• **Task details**:
Give an unaltered copy of the listing below, minus its pictures.

• **Data segment**:
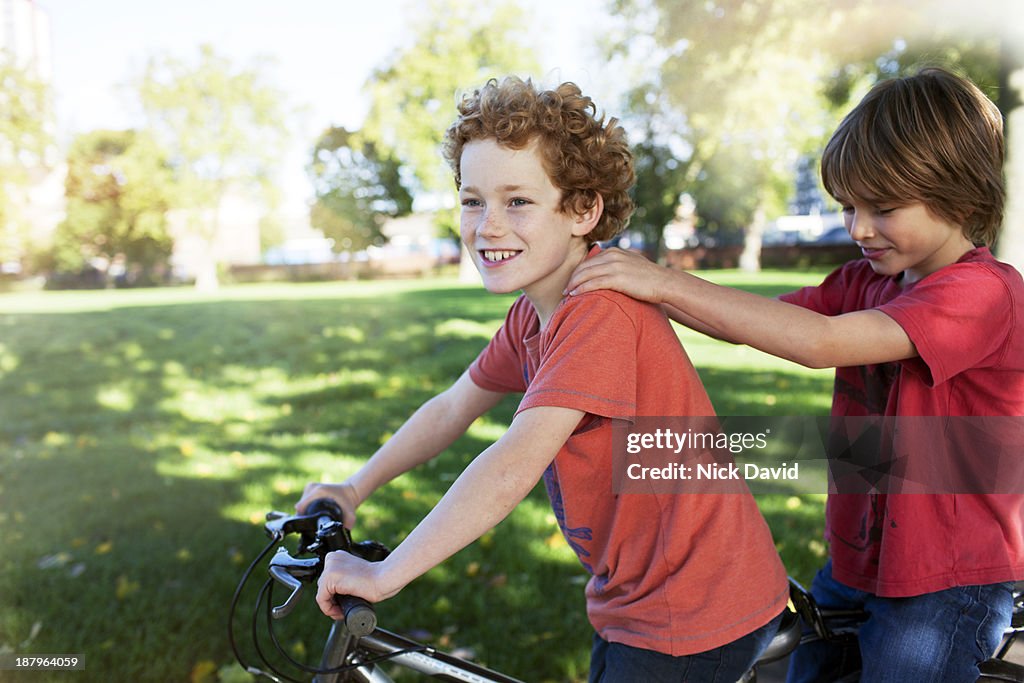 Boy Playing Example Boys Playing Outside In The Park High-Res Stock Photo - Getty Images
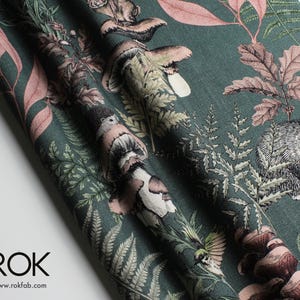 May include: Dark teal fabric with a detailed forest print featuring mushrooms, ferns, and woodland creatures in shades of brown, pink, and green. The fabric has a textured appearance and is suitable for various craft projects.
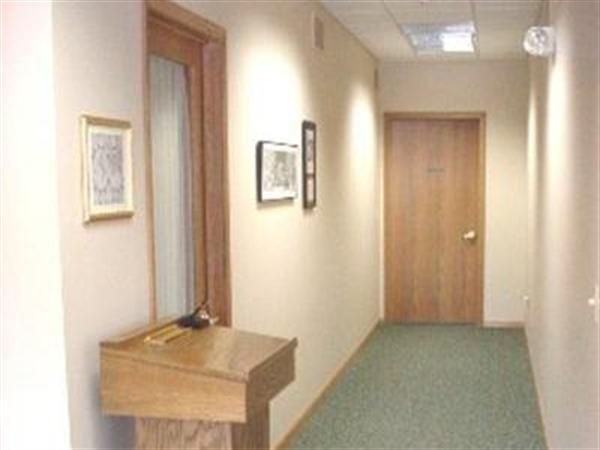 A long hallway with a podium in the middle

• **Exercise response**:
 Boy Playing Example Boys Playing Outside In The Park High-Res Stock Photo - Getty Images
 May include: Dark teal fabric with a detailed forest print featuring mushrooms, ferns, and woodland creatures in shades of brown, pink, and green. The fabric has a textured appearance and is suitable for various craft projects.
 A long hallway with a podium in the middle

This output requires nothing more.